- Film poster
- Directed by: James Rabbitts
- Written by: James Rabbitts
- Produced by: Samuel Pinczewski
- Starring: Tabrett Bethell Freya Stafford Andy Whitfield Clare Bowen Marshall Napier Liz Alexander Sophie Lowe Adrienne Pickering Anni Finsterer
- Cinematography: Brad Shield
- Edited by: Ryan Boucher
- Music by: Jason Fernandez Kirke Godfrey Angela Little
- Production company: The Little Film Company
- Release date: 25 July 2010 (Melbourne);
- Running time: 94 minutes
- Country: Australia
- Language: English

= The Clinic (2010 film) =

The Clinic is a 2010 Australian horror thriller film written and directed by James Rabbitts, shot in Deniliquin, NSW, Australia. and follows six abducted women and their newborn babies.

==Plot==
Mother-to-be, Beth, is travelling with her fiancé Cameron. After narrowly avoiding a road accident, they stop at a motel in a small town. Cameron returns from a stroll to find his fiancée missing. After being arrested for attacking the motel owner, he attempts to escape but is killed in a car crash.

Beth awakens naked in a warehouse, in a bath tub filled with ice, with a C-section scar and realises her baby has been stolen. She wanders outside, where she finds three other mothers who have also had their unborn children surgically removed. They find another woman, barely alive, with her womb surgically opened, who declares her child to be 'blue'.

The mothers discover that their babies are alive and locked in cages, each with a coloured clip matched to a tag sewn inside their true mother's abdomen. The only way to match the mother to the child is to remove the tag from their abdomens, which will lead to death by blood loss. One of the mothers decides to kill the other women and find her baby through the process of elimination. One by one, they are picked off until Beth catches and fatally injures the woman. She threatens to drop the remaining tag down a hole unless Beth promises to take care of her baby. After the woman dies, Beth discovers that the babies are no longer in their cages and she is knocked out by an unknown assailant.
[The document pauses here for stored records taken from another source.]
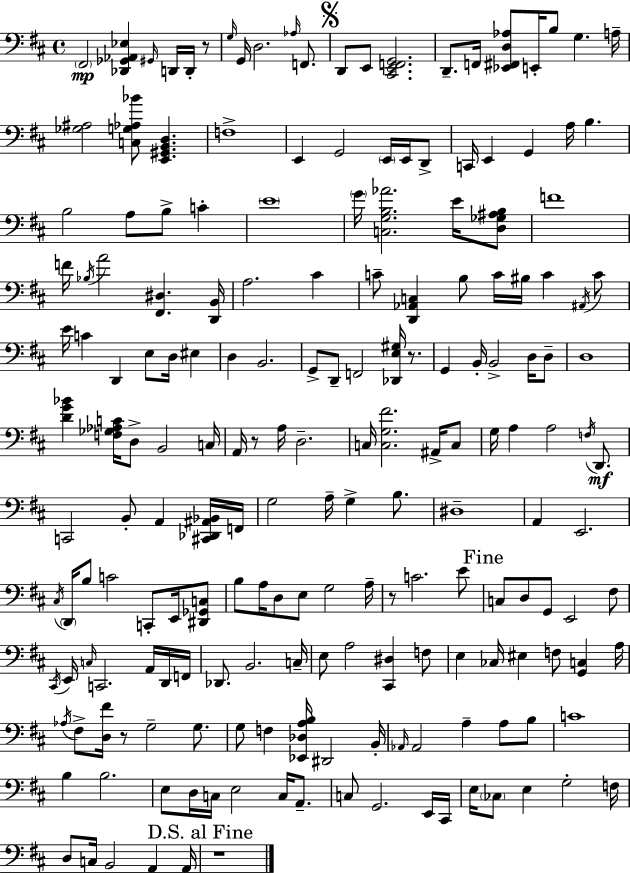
X:1
T:Untitled
M:4/4
L:1/4
K:D
^F,,2 [_D,,_G,,_A,,_E,] ^G,,/4 D,,/4 D,,/4 z/2 G,/4 G,,/4 D,2 _A,/4 F,,/2 D,,/2 E,,/2 [^C,,E,,F,,G,,]2 D,,/2 F,,/4 [_E,,^F,,D,_A,]/2 E,,/4 B,/2 G, A,/4 [_G,^A,]2 [C,G,_A,_B]/2 [E,,^G,,B,,D,] F,4 E,, G,,2 E,,/4 E,,/4 D,,/2 C,,/4 E,, G,, A,/4 B, B,2 A,/2 B,/2 C E4 G/4 [C,G,B,_A]2 E/4 [D,_G,^A,B,]/2 F4 F/4 _B,/4 A2 [^F,,^D,] [D,,B,,]/4 A,2 ^C C/2 [D,,_A,,C,] B,/2 C/4 ^B,/4 C ^A,,/4 C/2 E/4 C D,, E,/2 D,/4 ^E, D, B,,2 G,,/2 D,,/2 F,,2 [_D,,E,^G,]/4 z/2 G,, B,,/4 B,,2 D,/4 D,/2 D,4 [DG_B] [F,_G,_A,C]/4 D,/2 B,,2 C,/4 A,,/4 z/2 A,/4 D,2 C,/4 [C,G,^F]2 ^A,,/4 C,/2 G,/4 A, A,2 F,/4 D,,/2 C,,2 B,,/2 A,, [^C,,_D,,^A,,_B,,]/4 F,,/4 G,2 A,/4 G, B,/2 ^D,4 A,, E,,2 ^C,/4 D,,/4 B,/2 C2 C,,/2 E,,/4 [^D,,_G,,C,]/2 B,/2 A,/4 D,/2 E,/2 G,2 A,/4 z/2 C2 E/2 C,/2 D,/2 G,,/2 E,,2 ^F,/2 ^C,,/4 E,,/4 C,/4 C,,2 A,,/4 D,,/4 F,,/4 _D,,/2 B,,2 C,/4 E,/2 A,2 [^C,,^D,] F,/2 E, _C,/4 ^E, F,/2 [G,,C,] A,/4 _A,/4 ^F,/2 [D,^F]/4 z/2 G,2 G,/2 G,/2 F, [_E,,_D,A,B,]/4 ^D,,2 B,,/4 _A,,/4 _A,,2 A, A,/2 B,/2 C4 B, B,2 E,/2 D,/4 C,/4 E,2 C,/4 A,,/2 C,/2 G,,2 E,,/4 ^C,,/4 E,/4 _C,/2 E, G,2 F,/4 D,/2 C,/4 B,,2 A,, A,,/4 z4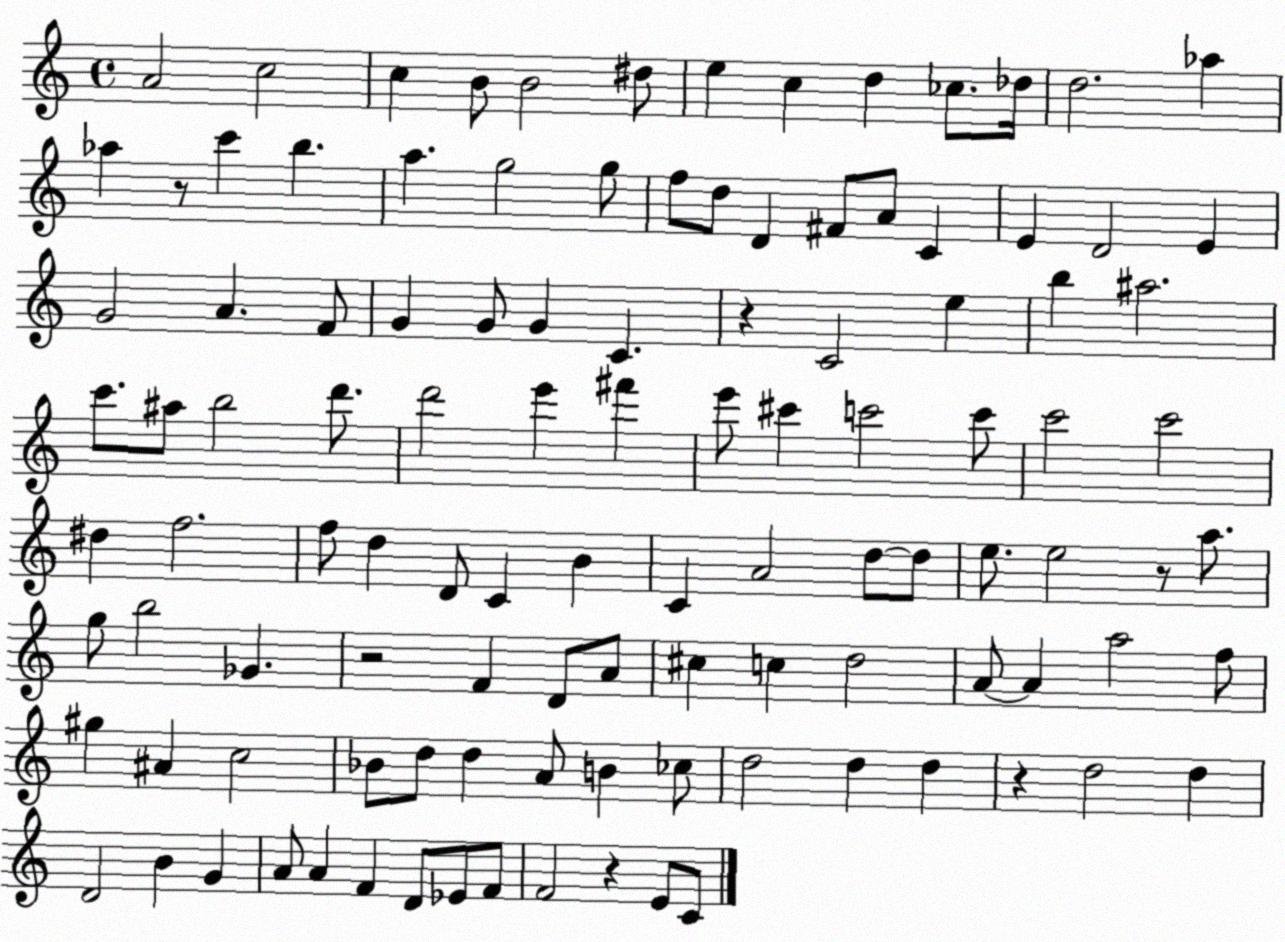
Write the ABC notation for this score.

X:1
T:Untitled
M:4/4
L:1/4
K:C
A2 c2 c B/2 B2 ^d/2 e c d _c/2 _d/4 d2 _a _a z/2 c' b a g2 g/2 f/2 d/2 D ^F/2 A/2 C E D2 E G2 A F/2 G G/2 G C z C2 e b ^a2 c'/2 ^a/2 b2 d'/2 d'2 e' ^f' e'/2 ^c' c'2 c'/2 c'2 c'2 ^d f2 f/2 d D/2 C B C A2 d/2 d/2 e/2 e2 z/2 a/2 g/2 b2 _G z2 F D/2 A/2 ^c c d2 A/2 A a2 f/2 ^g ^A c2 _B/2 d/2 d A/2 B _c/2 d2 d d z d2 d D2 B G A/2 A F D/2 _E/2 F/2 F2 z E/2 C/2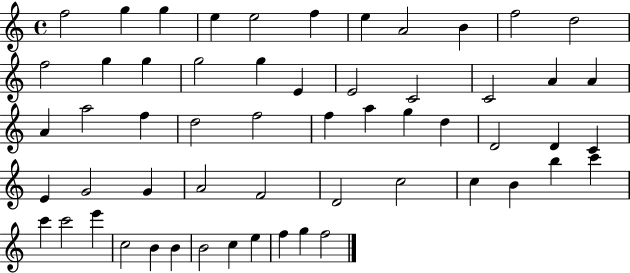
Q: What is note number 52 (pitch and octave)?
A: B4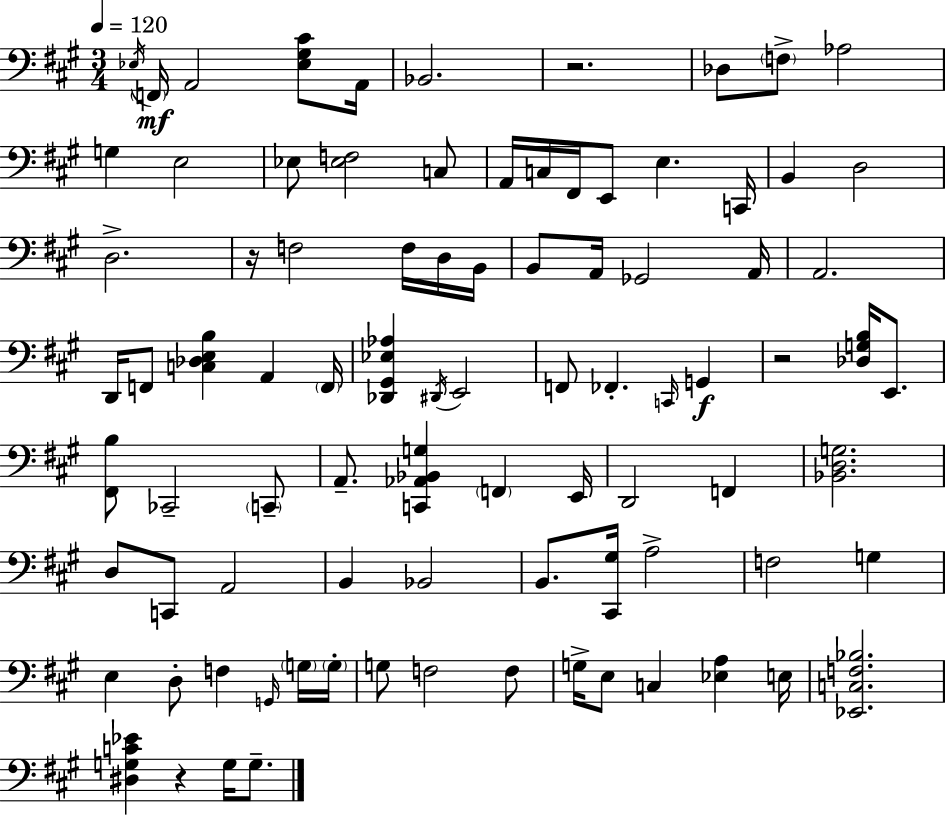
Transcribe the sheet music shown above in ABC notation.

X:1
T:Untitled
M:3/4
L:1/4
K:A
_E,/4 F,,/4 A,,2 [_E,^G,^C]/2 A,,/4 _B,,2 z2 _D,/2 F,/2 _A,2 G, E,2 _E,/2 [_E,F,]2 C,/2 A,,/4 C,/4 ^F,,/4 E,,/2 E, C,,/4 B,, D,2 D,2 z/4 F,2 F,/4 D,/4 B,,/4 B,,/2 A,,/4 _G,,2 A,,/4 A,,2 D,,/4 F,,/2 [C,_D,E,B,] A,, F,,/4 [_D,,^G,,_E,_A,] ^D,,/4 E,,2 F,,/2 _F,, C,,/4 G,, z2 [_D,G,B,]/4 E,,/2 [^F,,B,]/2 _C,,2 C,,/2 A,,/2 [C,,_A,,_B,,G,] F,, E,,/4 D,,2 F,, [_B,,D,G,]2 D,/2 C,,/2 A,,2 B,, _B,,2 B,,/2 [^C,,^G,]/4 A,2 F,2 G, E, D,/2 F, G,,/4 G,/4 G,/4 G,/2 F,2 F,/2 G,/4 E,/2 C, [_E,A,] E,/4 [_E,,C,F,_B,]2 [^D,G,C_E] z G,/4 G,/2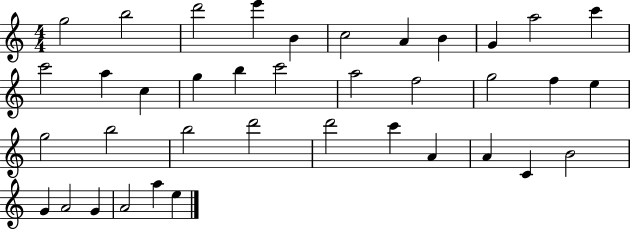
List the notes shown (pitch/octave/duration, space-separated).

G5/h B5/h D6/h E6/q B4/q C5/h A4/q B4/q G4/q A5/h C6/q C6/h A5/q C5/q G5/q B5/q C6/h A5/h F5/h G5/h F5/q E5/q G5/h B5/h B5/h D6/h D6/h C6/q A4/q A4/q C4/q B4/h G4/q A4/h G4/q A4/h A5/q E5/q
Beth regains consciousness and finds herself chained to the floor, with a Russian couple inspecting her baby. They reveal the scam: prospective parents receive a baby to adopt based on their mother's performance in the experiment – the winning mother's child being the one set for adoption. The woman running the operation flees with Beth's baby. Beth frees herself and confronts her, only to discover that she herself was picked up as a baby from this facility by her own adoptive parents. Beth takes revenge on the woman and escapes with her child. Months later, she visits the grave site of her biological mother and goes to meet the man she believes to be her biological father.

==Cast==
- Tabrett Bethell as Beth Church (DCVIII, Violet)
- Freya Stafford as Veronica (DCVII, Yellow)
- Andy Whitfield as Cameron Marshall
- Clare Bowen as Ivy (DCVI, Orange)
- Marshall Napier as Officer Marvin Underwood
- Liz Alexander as Ms. Shepard
- Sophie Lowe as Allison (DCV, Green)
- Boris Brkic as Hank
- Marcel Bracks as Duncan Shepard
- Adrienne Pickering as Jane Doe (DCIV, Red)
- Anni Finsterer as Locker Room Woman (DCIII, Blue)
- Cecily Polson as Woman on perch
- Harold Hopkins as Grave digger

==Release==
The film was screened in the USA on 4 November 2009 at the American Film Market. Another screening followed on 10 October 2010 at the ScreamFest Horror Film Festival. The movie received mixed reviews.

==Reception==
The Clinic received generally negative reviews from critics and audiences.

===Accolades===
Tabrett Bethell was nominated for Best Actress at the Fangoria Chainsaw Awards in 2012.